▶ Assigned task
When you write out the listing, keep each word exactly as it stands but include none of its images.

▶ Data excerpts

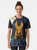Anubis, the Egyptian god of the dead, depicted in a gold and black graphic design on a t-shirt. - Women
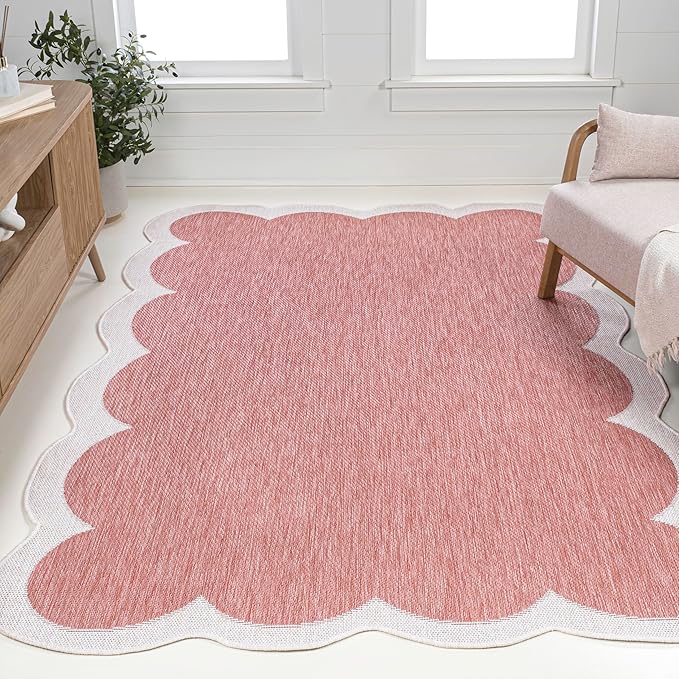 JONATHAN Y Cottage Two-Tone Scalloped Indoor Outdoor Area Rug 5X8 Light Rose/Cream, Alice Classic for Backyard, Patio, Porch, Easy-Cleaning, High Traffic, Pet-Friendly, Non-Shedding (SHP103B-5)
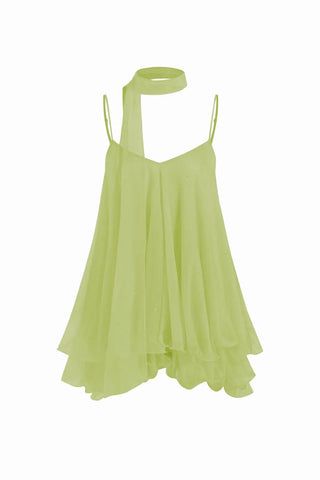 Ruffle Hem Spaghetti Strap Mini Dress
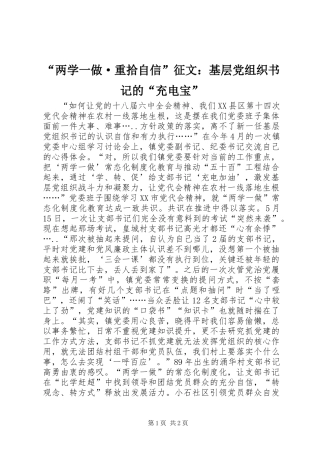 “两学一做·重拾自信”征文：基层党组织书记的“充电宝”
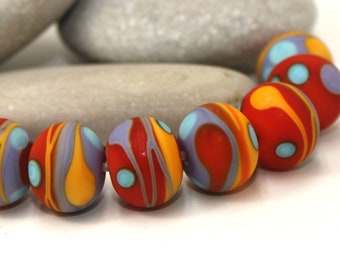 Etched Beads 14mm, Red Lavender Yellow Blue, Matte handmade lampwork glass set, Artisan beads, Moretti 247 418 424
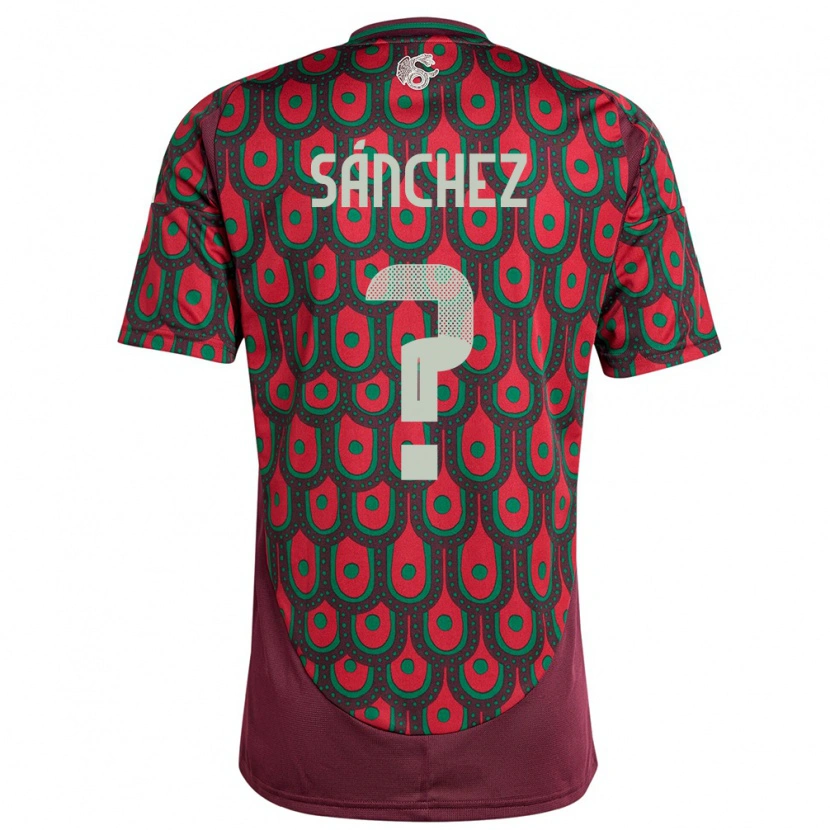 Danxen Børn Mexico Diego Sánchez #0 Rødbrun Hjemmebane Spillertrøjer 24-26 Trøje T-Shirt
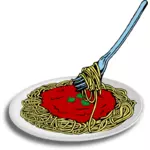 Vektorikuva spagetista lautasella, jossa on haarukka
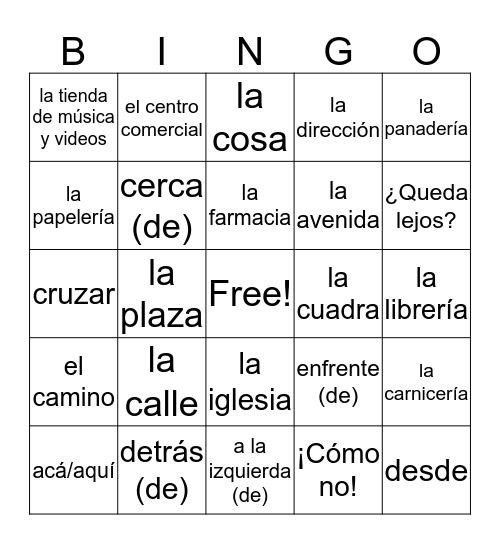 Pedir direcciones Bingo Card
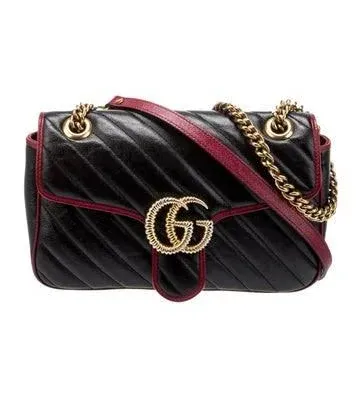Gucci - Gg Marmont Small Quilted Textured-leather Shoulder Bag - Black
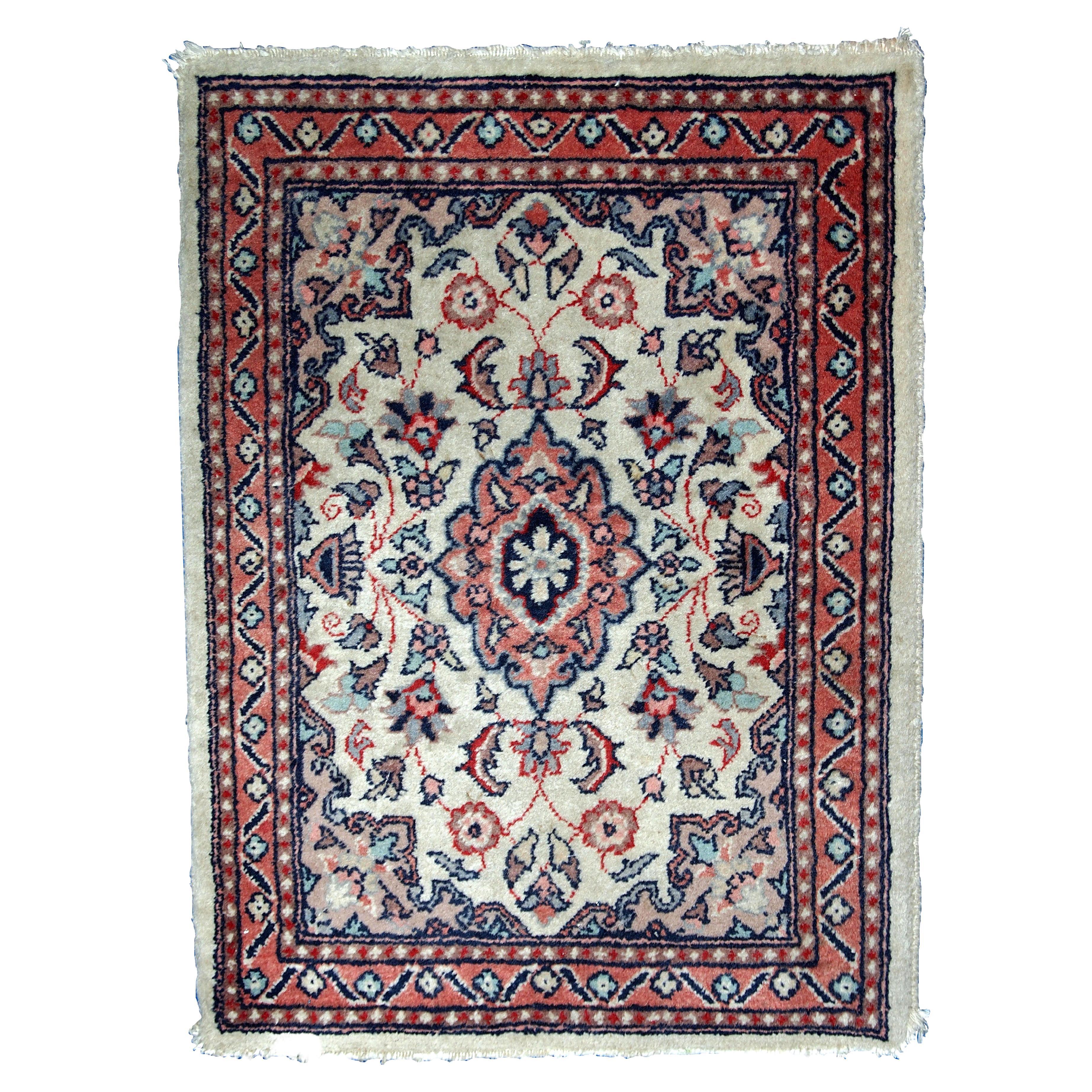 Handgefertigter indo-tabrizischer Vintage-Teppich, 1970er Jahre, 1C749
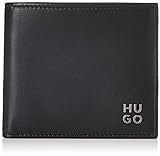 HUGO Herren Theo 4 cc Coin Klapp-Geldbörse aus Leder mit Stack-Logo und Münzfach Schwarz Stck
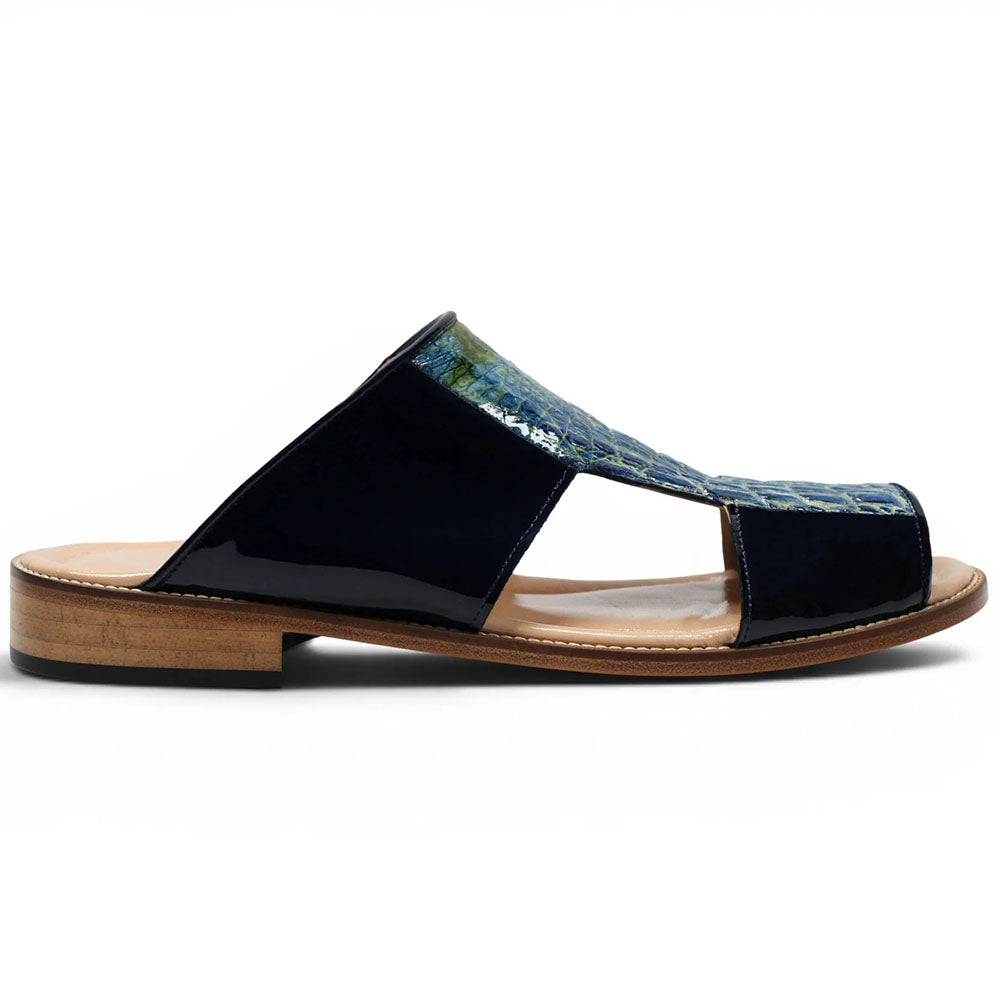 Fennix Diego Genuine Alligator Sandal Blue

▶ Written response
Anubis, the Egyptian god of the dead, depicted in a gold and black graphic design on a t-shirt. - Women
 JONATHAN Y Cottage Two-Tone Scalloped Indoor Outdoor Area Rug 5X8 Light Rose/Cream, Alice Classic for Backyard, Patio, Porch, Easy-Cleaning, High Traffic, Pet-Friendly, Non-Shedding (SHP103B-5)
 Ruffle Hem Spaghetti Strap Mini Dress
 “两学一做·重拾自信”征文：基层党组织书记的“充电宝”
 Etched Beads 14mm, Red Lavender Yellow Blue, Matte handmade lampwork glass set, Artisan beads, Moretti 247 418 424
 Danxen Børn Mexico Diego Sánchez #0 Rødbrun Hjemmebane Spillertrøjer 24-26 Trøje T-Shirt
 Vektorikuva spagetista lautasella, jossa on haarukka
 Pedir direcciones Bingo Card
Gucci - Gg Marmont Small Quilted Textured-leather Shoulder Bag - Black
 Handgefertigter indo-tabrizischer Vintage-Teppich, 1970er Jahre, 1C749
 HUGO Herren Theo 4 cc Coin Klapp-Geldbörse aus Leder mit Stack-Logo und Münzfach Schwarz Stck
 Fennix Diego Genuine Alligator Sandal Blue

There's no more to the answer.